(Data provided begins)

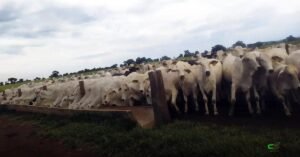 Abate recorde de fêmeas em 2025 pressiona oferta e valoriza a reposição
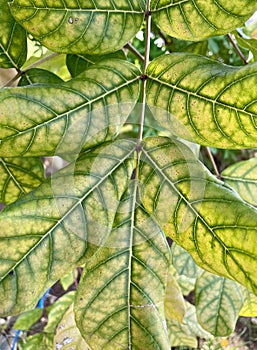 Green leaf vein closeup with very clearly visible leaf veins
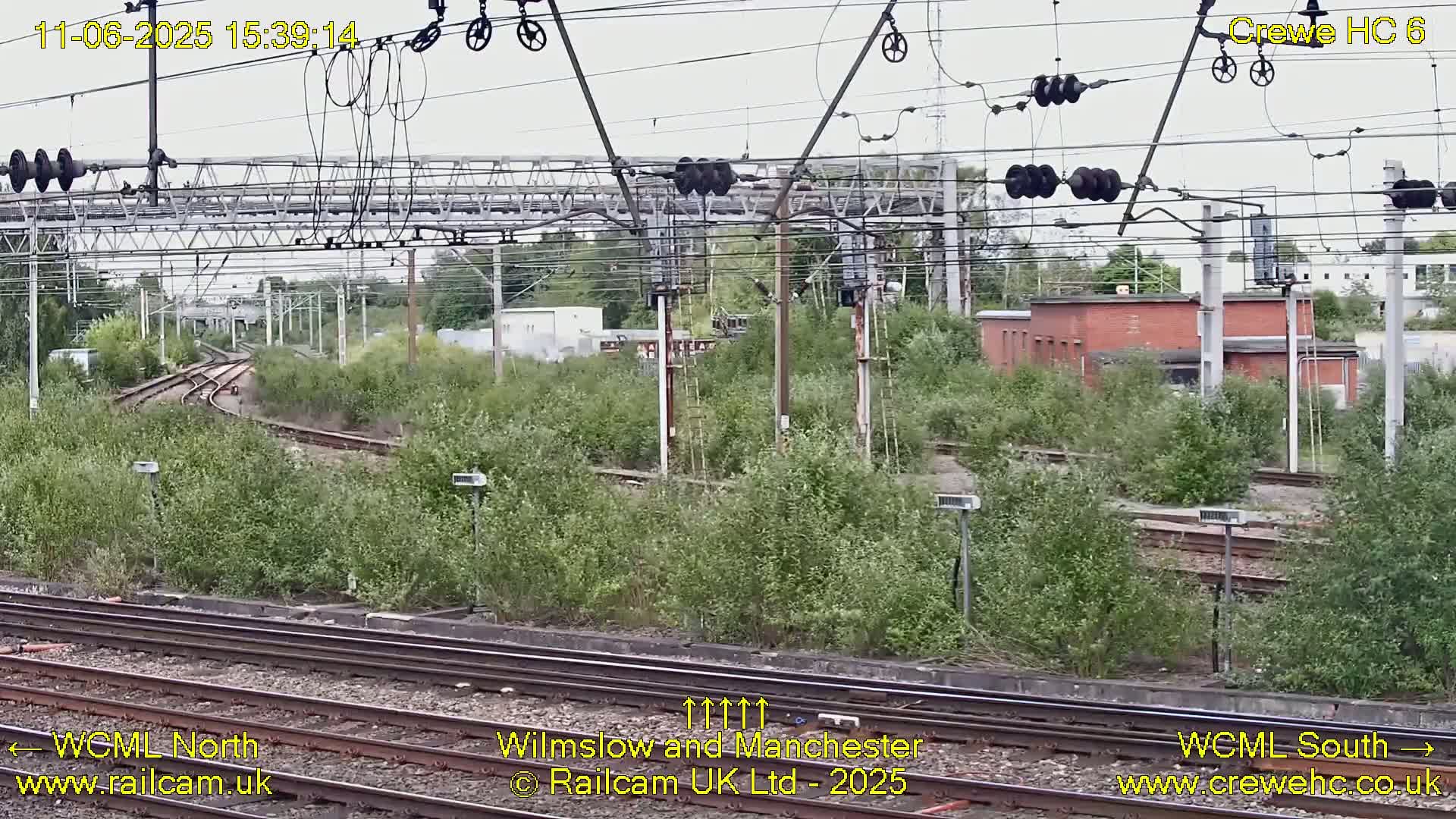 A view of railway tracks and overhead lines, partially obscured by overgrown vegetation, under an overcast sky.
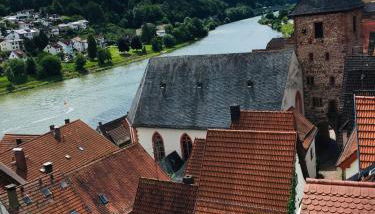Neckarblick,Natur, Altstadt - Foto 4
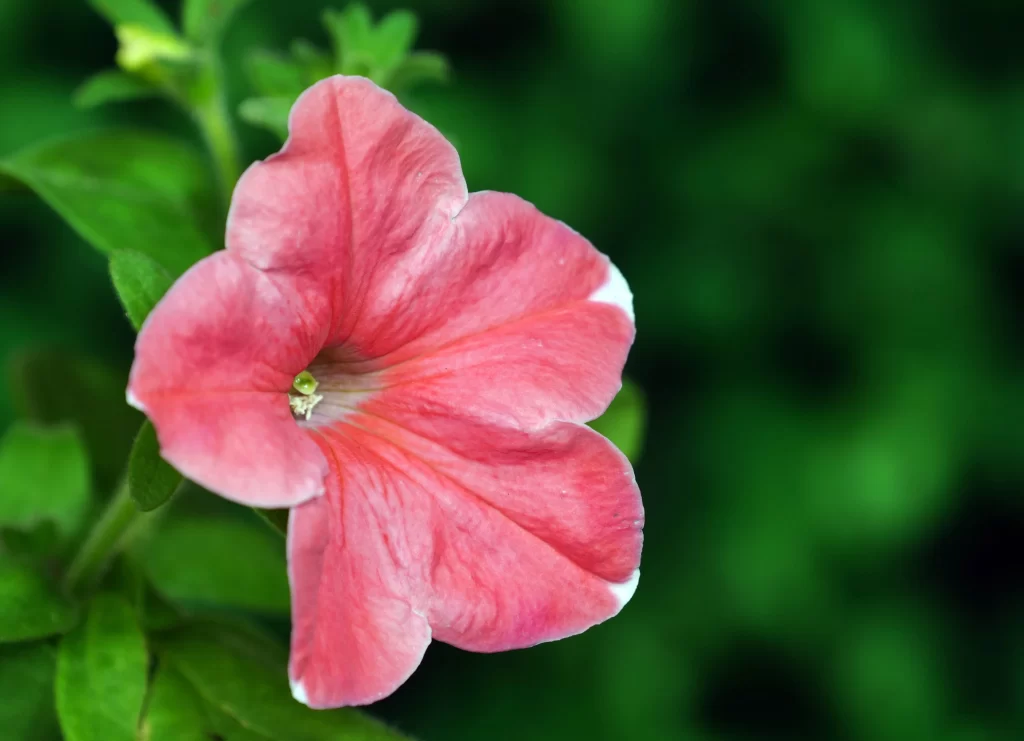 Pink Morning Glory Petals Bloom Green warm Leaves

(Data provided ends)
(Data provided begins)

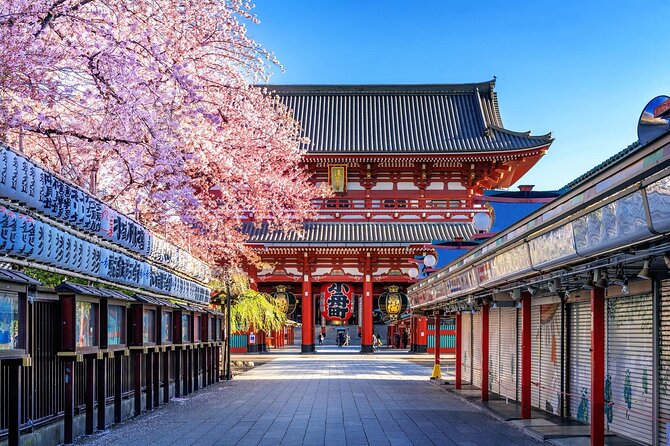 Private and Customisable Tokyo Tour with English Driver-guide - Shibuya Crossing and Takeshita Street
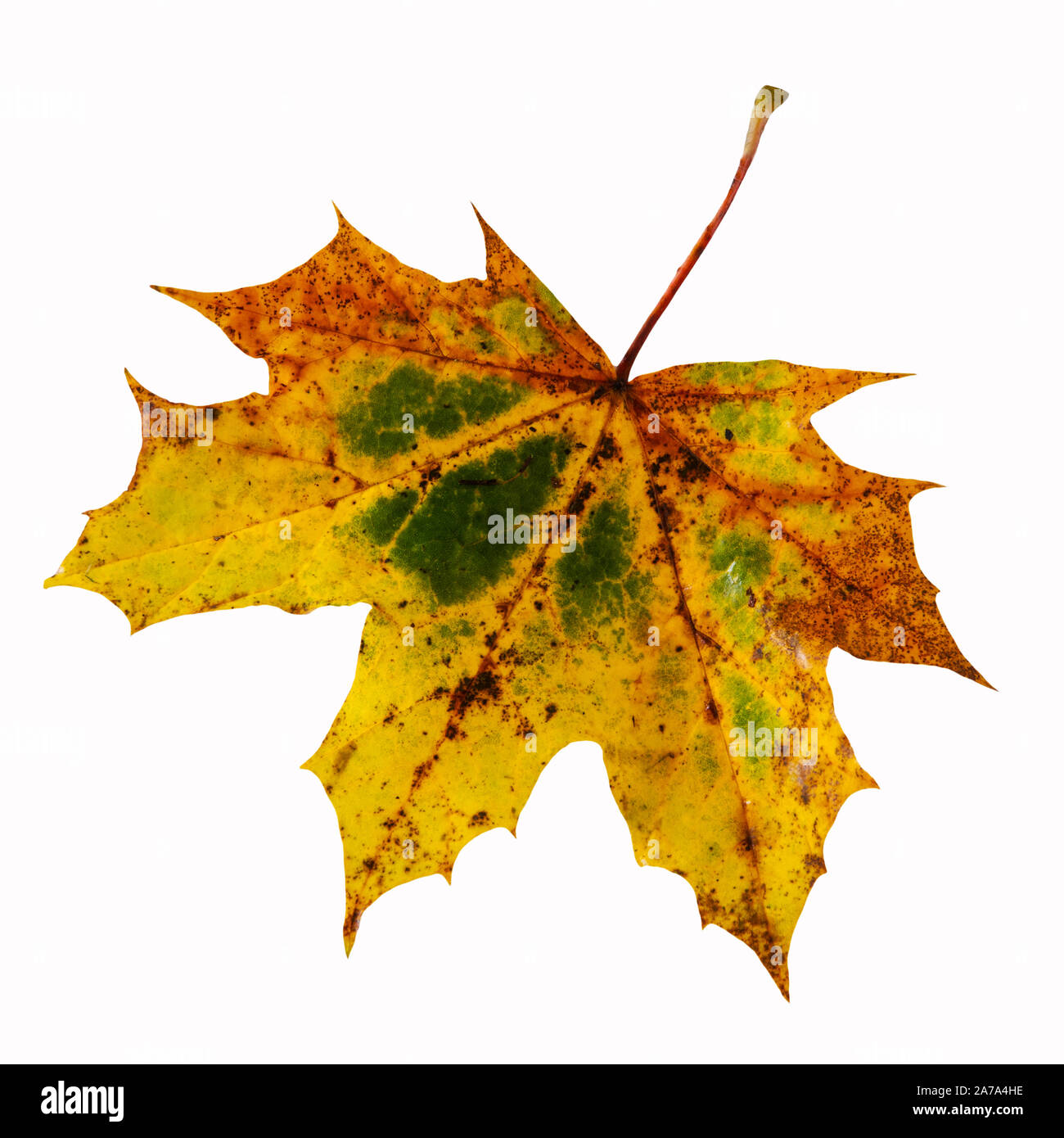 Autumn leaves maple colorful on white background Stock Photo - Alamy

(Data provided ends)

**Required work**.
From the records above, transcribe exactly the lines starting at the one containing "Neckarblick,Natur, Altstadt - Foto 4" and ending at the one containing "Pink Morning Glory". Skip the pictures.

**Answer area**.
Neckarblick,Natur, Altstadt - Foto 4
 Pink Morning Glory Petals Bloom Green warm Leaves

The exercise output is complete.